The paring knives cut into the flesh swiftly. Chrrrack. Crunch crunch crunch. The hallway of the open work area on the second floor of Agriculture and Agri-Food Canada’s Pacific Agri-Food Research Centre (PARC) in Summerland fills with the sound of chewing as the tasters contemplate what has just met their taste buds.

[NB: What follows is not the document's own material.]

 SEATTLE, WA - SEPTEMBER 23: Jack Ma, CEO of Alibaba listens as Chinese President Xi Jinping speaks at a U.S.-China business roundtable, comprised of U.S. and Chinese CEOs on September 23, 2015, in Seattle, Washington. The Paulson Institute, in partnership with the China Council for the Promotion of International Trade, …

“Pass or fail?” asks Cheryl Hampson, apple-breeding research scientist. Apple 8S 54 60 sits in a green plastic crate awaiting sentence. “I say unless it’s got bigger flavour, with that appearance it’s not going anywhere,” comments research technician Darrell-Lee McKenzie. She drags the crate of brown-hued apples to join the compost pile. I ask Hampson, who has dedicated 16 years of her career to breeding the perfect apple, what makes for a winner. “That’s entirely in the tongue of the beholder,” the petite middle-aged scientist answers before breaking into a trill of laughter.
The art of apple tasting
It’s early winter here in Summerland and a biting wind makes Lake Okanagan look more like Loch Ness. The only relic of the warm summer sun that bathes these slopes is the fruit before us. Armed with knife and spittoon, the pre-tasting panel is mercilessly thinning the pack. Of the 21 crates of apple varieties before us, only six will go on to blind taste tests that evaluate their skin toughness, crispiness, juiciness, sweetness, sourness and flavour intensity.

Image: Adam Blasberg
Apples are sliced, cored and judged for taste and
appearance.
To make it, a new apple has to be the best apple you’ve ever eaten. Literally. “Because we are trying to beat what’s out there, to get a new apple on the market it has to be pretty darn good,” says McKenzie. When apple researchers reel off potential apple flaws, it’s like listening to your girlfriend damn all her online dating prospects. They’re too fat. Their colouring is off. They have too many freckles. They have a calcium deficiency that leaves black splotches on their skin. And you know all bets are off when they leave a bad aftertaste in your mouth. To be fair, these horticulturalists taste apples for two to four hours a day throughout the winter months. (One retired PARC employee boasts that he has tasted over a million apples in his life.) So it’s not just that their palates are jaded. Their tooth enamel is starting to erode and their stomach acid is spiking.
Outside the walls of PARC, B.C.’s apple industry is in deep crisis as its growers continue to bleed money. In the past three years, apple growers on average have failed to make their costs of production. In the past year, on average, growers pocketed 17.2 cents a pound for apples that cost them 22.5 cents a pound to grow. Small wonder that apple trees are being replaced by cherries and wine grapes. At one point, 20,000 acres of apples carpeted the Okanagan. That number’s down to 8,500 today and continues to shrink.
“One does not have to be an economist to realize that that situation is simply not sustainable and so we’ve got to find a way to turn this around,” says Joe Sardinha, president of the B.C. Fruit Growers’ Association. The stakes are considerable. Apples are Canada’s largest fruit crop in terms of tonnage, and its second most valuable agricultural crop. B.C. alone grows over a billion apples each year and apple growing in B.C.’s Interior contributes around $720 million to the economy annually.